Word-Packed Integer Vectors for C++

This header-only C++20 library provides implementations for vectors of packed (unsigned) integers, commonly referred to as word packing in the literature. These integers are represented by an arbitrary number of bits (called width), which allows for saving space when they are known to be limited to a universe with a worst-case entropy other than the natively supported 8, 16, 32 or 64 bits.
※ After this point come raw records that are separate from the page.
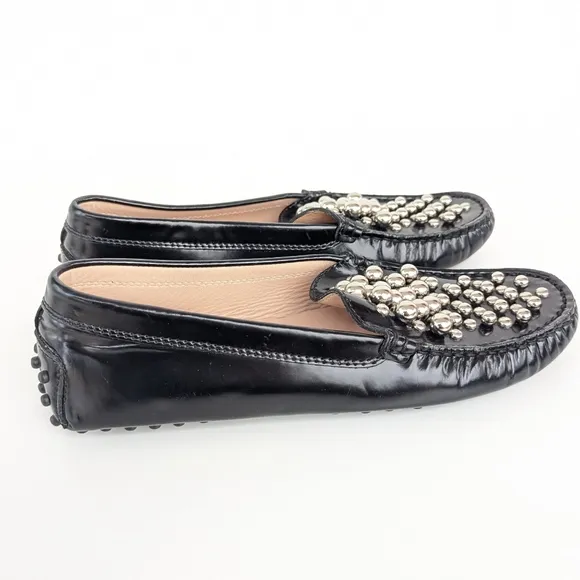 🌹 Tod's Black Leather Embellished Driving Slip On Loafers Size 37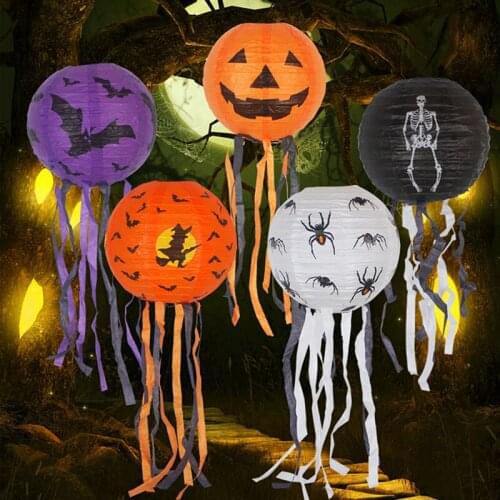 Halloween Paper Lantern Portable Hanging Lantern Glowing Theme Party Props Decoration for Home Garden Courtyard TS2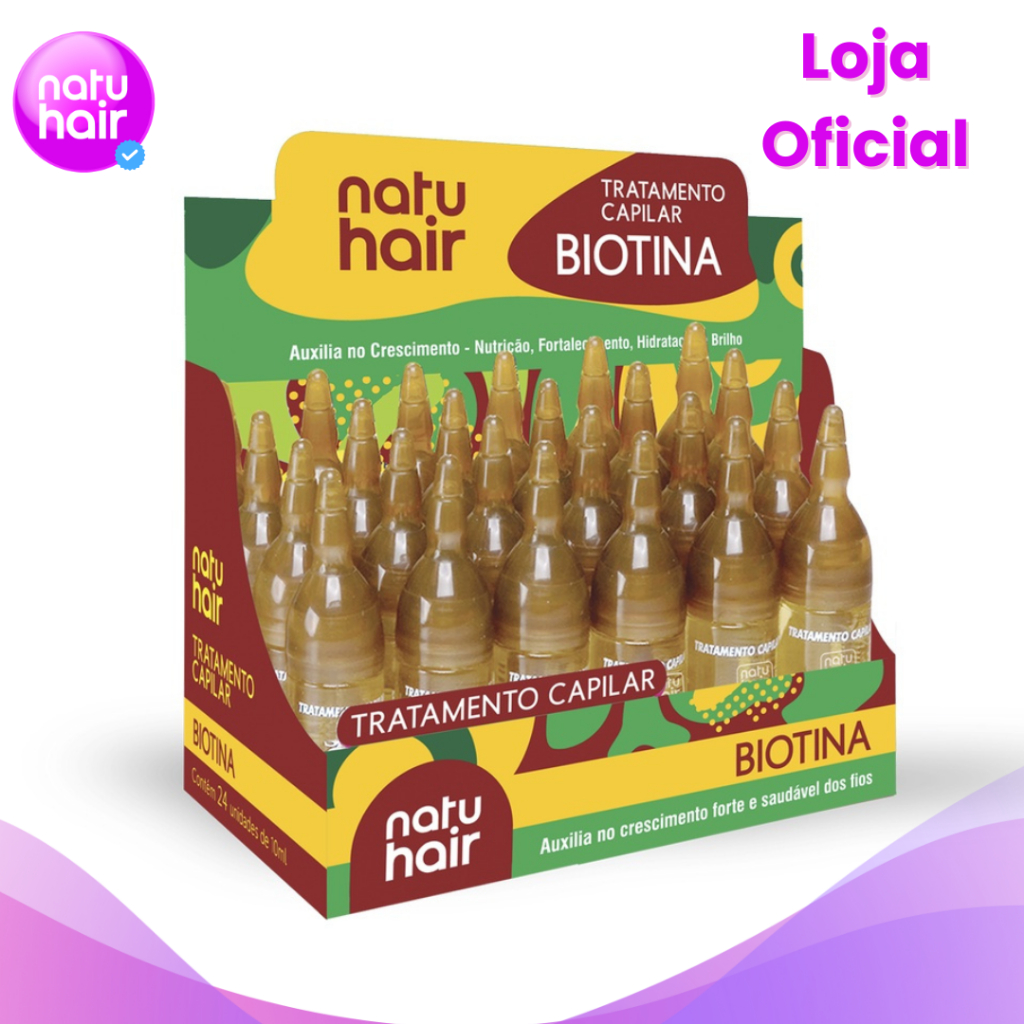 Kit 6 Ampolas de Tratamento Capilar Natuhair 10 ml - BIOTINA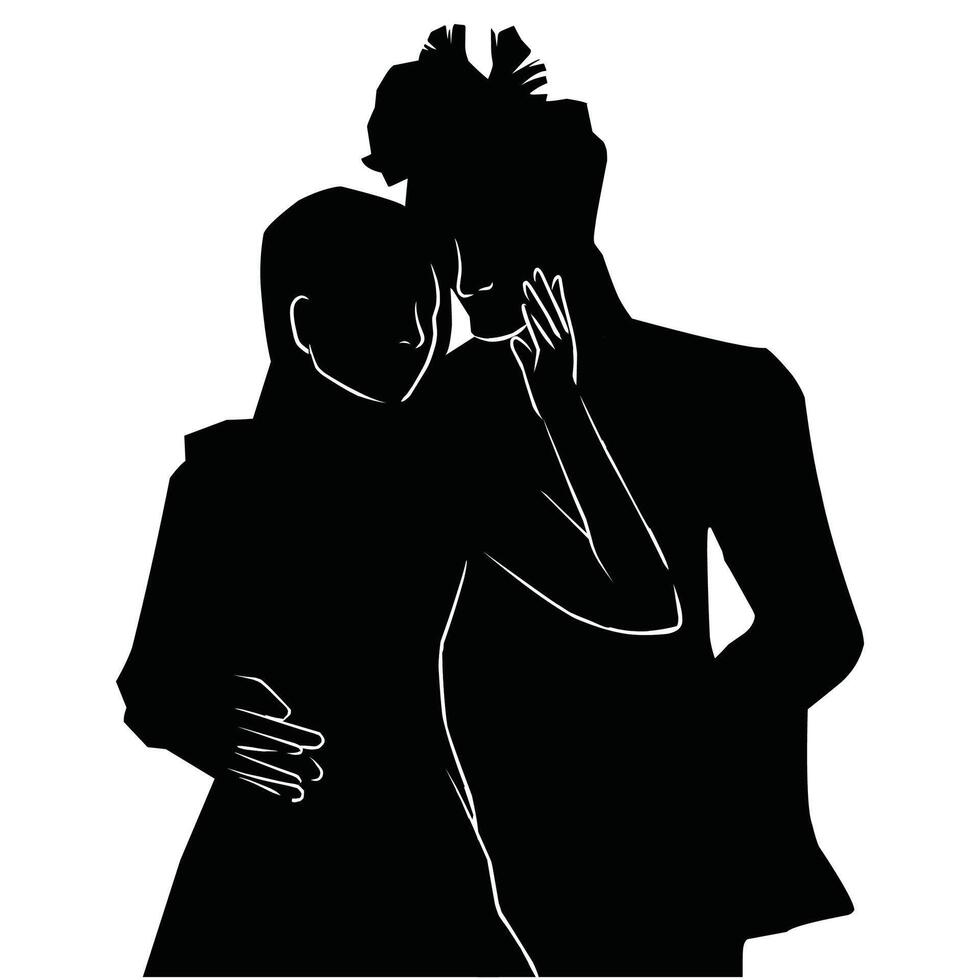 vecteur, isolé silhouette de le la mariée et jeune marié vecteur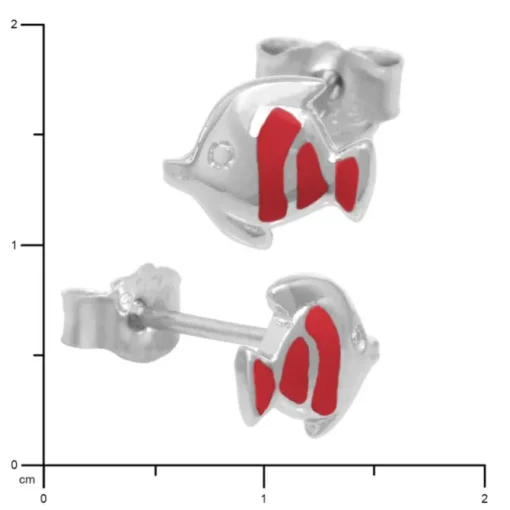 Kinder Ohrring Fisch rot Silber Ohrstecker Kinderschmuck TW SDO204R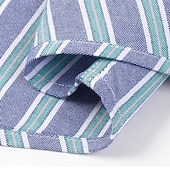 economico camicie oxford da uomo-Per uomo Camicia Camicia elegante Camicia button-down Camicia Oxford Camicia a righe A righe Abbigliamento quotidiano Abbigliamento Aziendale Rosa chiaro Giallo Blu marino scuro Blu Manica Lunga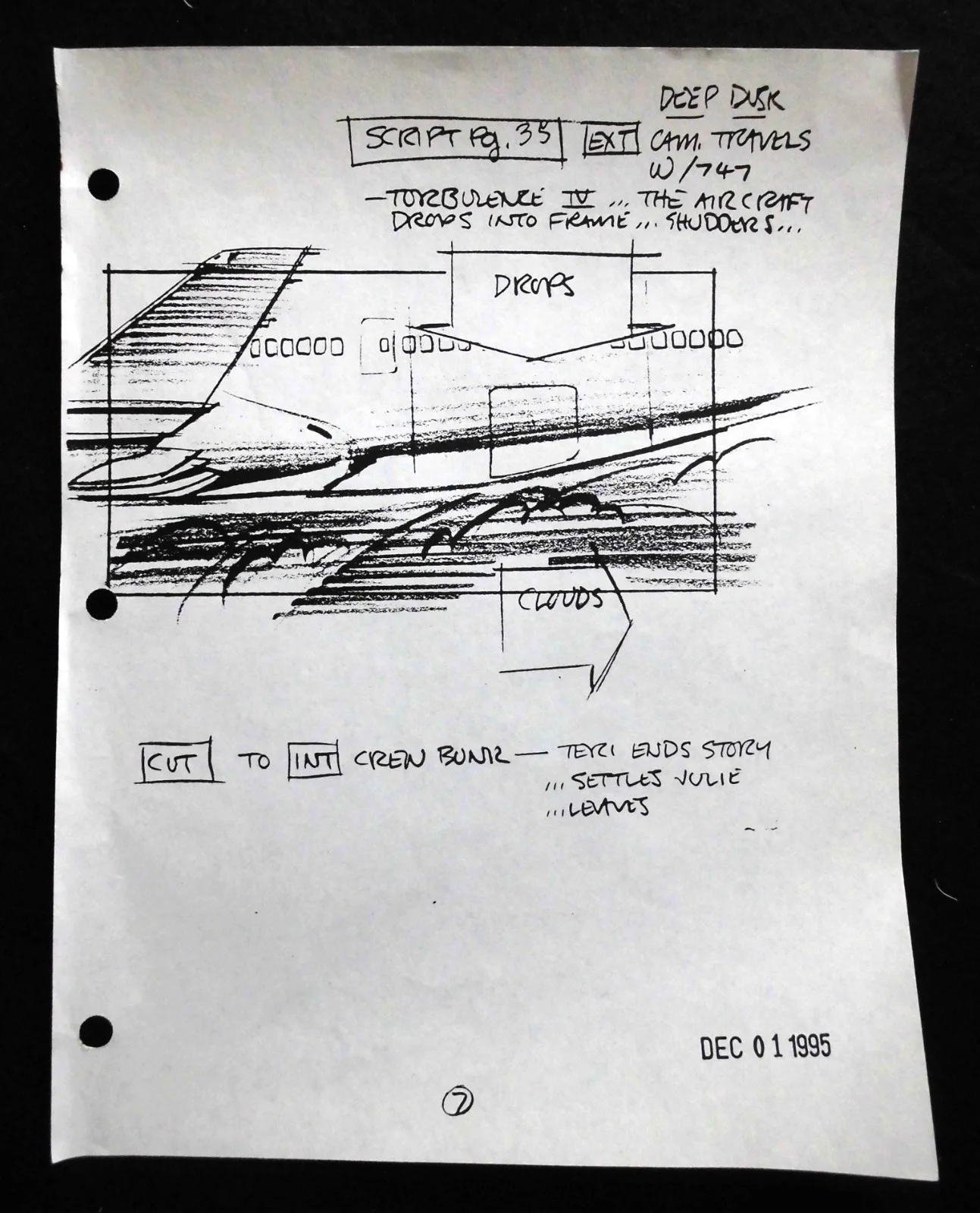 Movie Storyboard Sketch Page From 'Turbulence' (2007) inc COA - Ray Liotta Film, изображение 4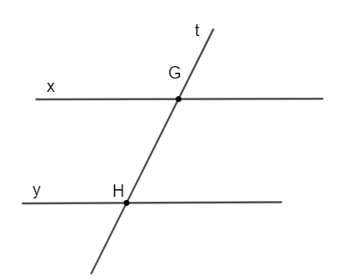 Cho hình vẽ sau. Kết luận nào dưới đây là đúng?   A. x và y cắt nhau tại G và H; B. x và y cắt nhau tại G, y và t cắt nhau tại H; C. x và t cắt nhau tại G, y và t cắt nhau tại H; D. y và t cắt nhau tại G, x và t cắt nhau tại H. (ảnh 1)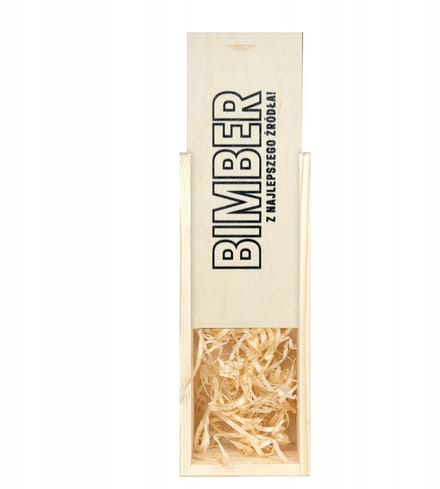Bimberek Serie - Houten Kist voor Wodka - 26cm - Bimber Print - Ideaal Cadeau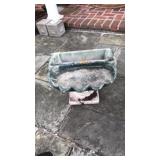 CONCRETE TROUGH SHAPED BIRD BATH W/SCALLOP EDGE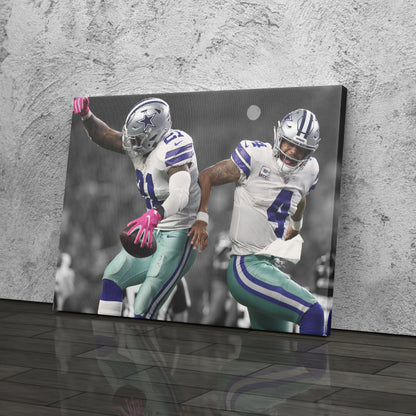 Dak and Zeke Dallas Cowboys Canvas Wall Art – NFL Legends Print for Home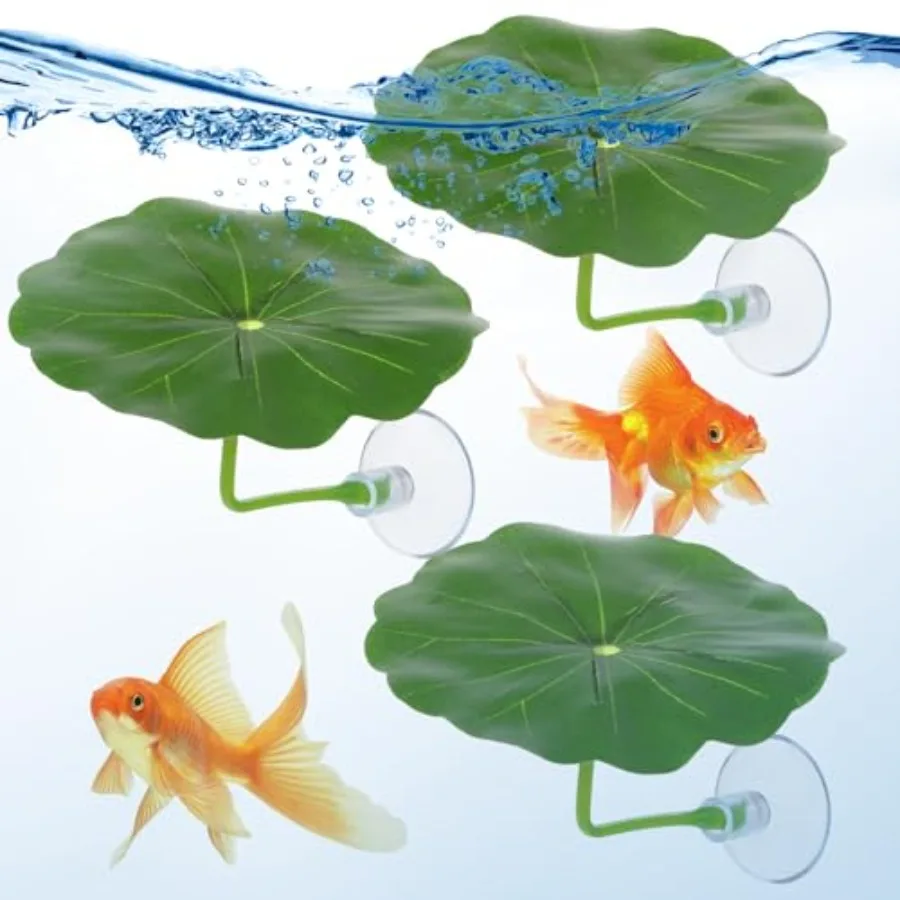 3 Pcs Betta Fish Leaf Hammock for Aquarium Decoration, Green Plastic Resting Spot with Suction Cup, Practical Breeding and Rest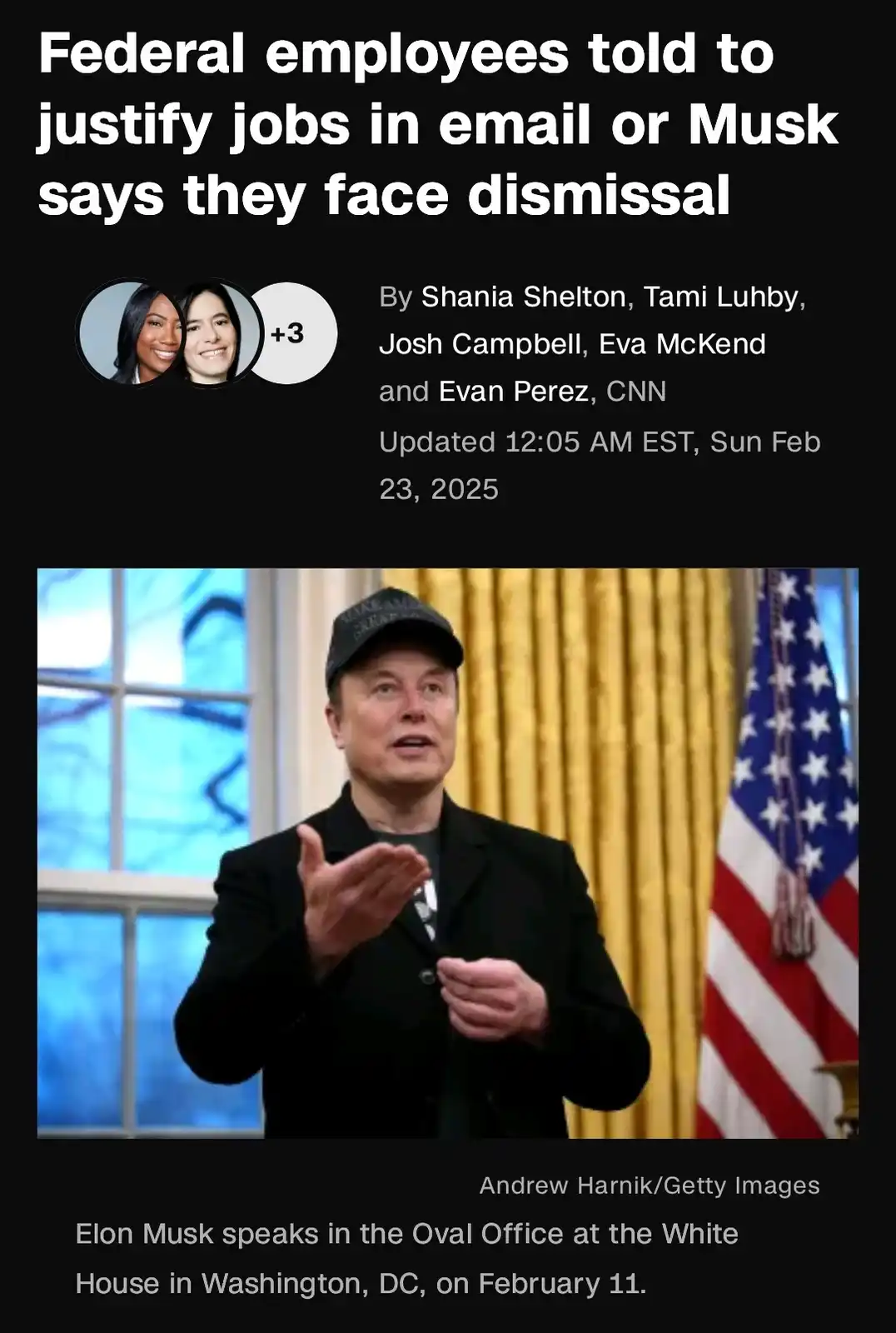 A screenshot of a CNN news article header with the headline 'Federal employees told to justify jobs in email or Musk says…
Naturally, due to the fact that words are no longer aligned to hardware word sizes, access to packed vectors is slower than aligned access. To achieve access as fast as possible, depending on your use case, we recommend one of the corresponding implementations:

Word width known at …	Dynamic resizing required	Recommended Implementation
Compile time	yes	PackedFixedWidthIntVector / BitVector
Compile time	no	Accessors (Fixed Width) / Bit Accessors
Runtime	yes	PackedIntVector
Runtime	no	Accessors

The fixed-width implementations have specializations for accessing words of width 1 (so-called "bits"), which is particularly faster than for greater widths.

Requirements

This library is written in C++20, a corresponding compiler is required that fully supports concepts. Tests have been done only with GCC 11. Apart from that, the library as no external dependencies. For building the benchmark or the unit tests, CMake is required.

License

MIT License

Copyright (c) Patrick Dinklage

Permission is hereby granted, free of charge, to any person obtaining a copy
of this software and associated documentation files (the "Software"), to deal
in the Software without restriction, including without limitation the rights
to use, copy, modify, merge, publish, distribute, sublicense, and/or sell
copies of the Software, and to permit persons to whom the Software is
furnished to do so, subject to the following conditions:

The above copyright notice and this permission notice shall be included in all
copies or substantial portions of the Software.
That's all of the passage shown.